■ DATASET CONTENT
··········
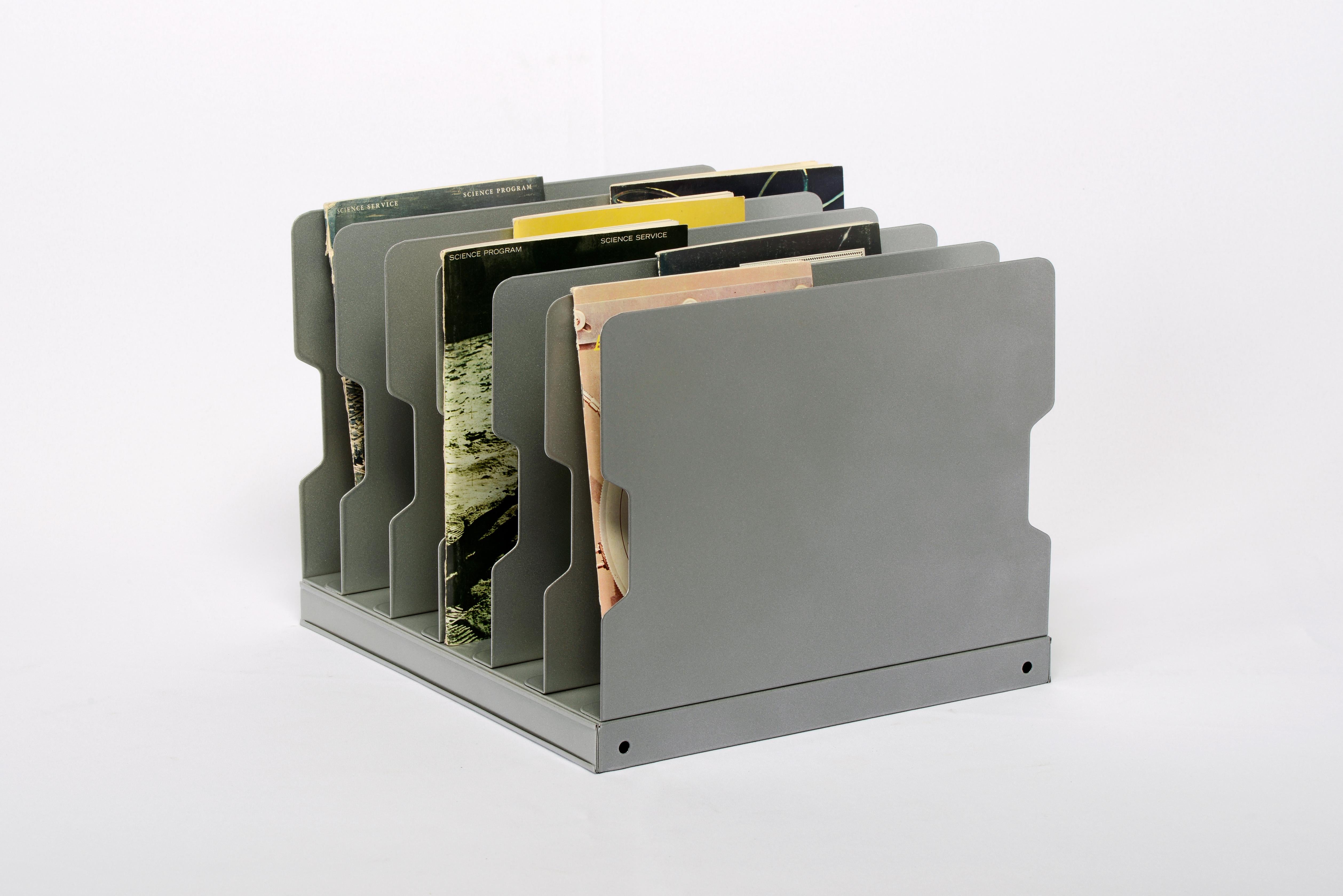 Mid-Century Modern 1940s Desktop Memo/ File Holder, Refinished in Metallic Silver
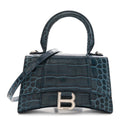Shiny Calfskin Crocodile Embossed Hourglass Top Handle Bag XS Denim Blue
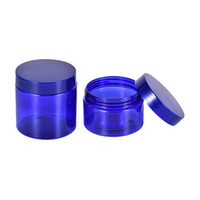 Classique De Luxe 100/120/150/200/250ML Vide Cosmétique Conteneurs Clair Rond Bleu Grand En Plastique Pot de Crème Avec Couvercle Bleu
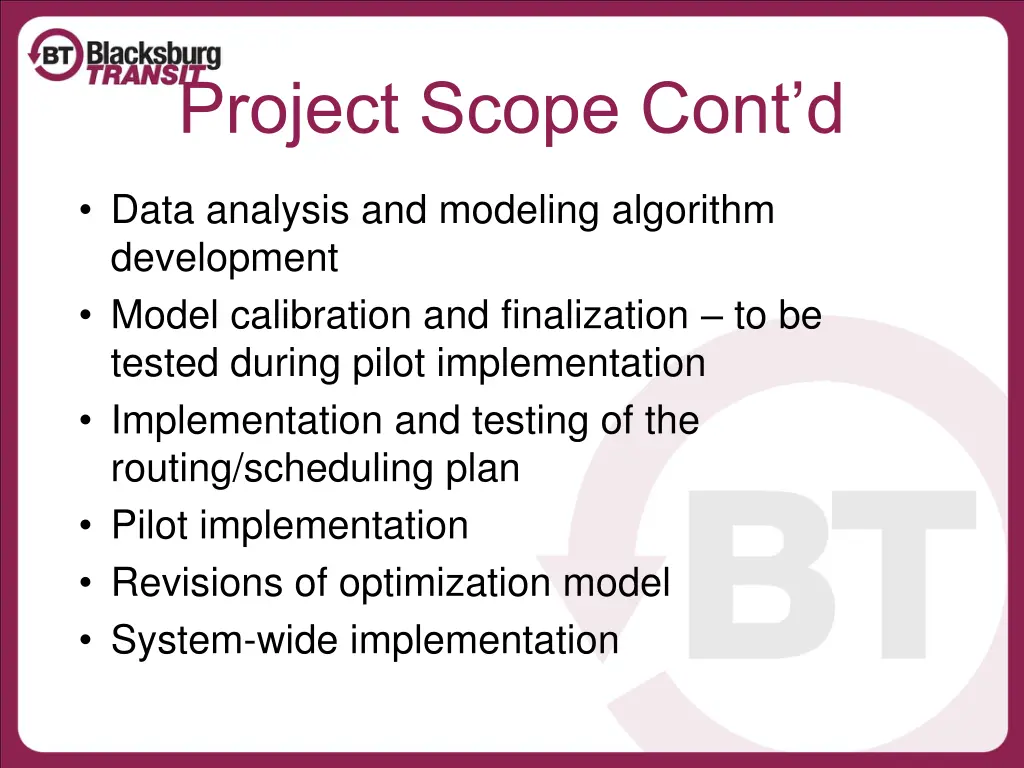 project scope cont d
··········
■ EXERCISE AIM
Please copy out the whole listing exactly as it stands, minus the pictures.

■ COMPLETED TASK
 Mid-Century Modern 1940s Desktop Memo/ File Holder, Refinished in Metallic Silver
Shiny Calfskin Crocodile Embossed Hourglass Top Handle Bag XS Denim Blue
 Classique De Luxe 100/120/150/200/250ML Vide Cosmétique Conteneurs Clair Rond Bleu Grand En Plastique Pot de Crème Avec Couvercle Bleu
 project scope cont d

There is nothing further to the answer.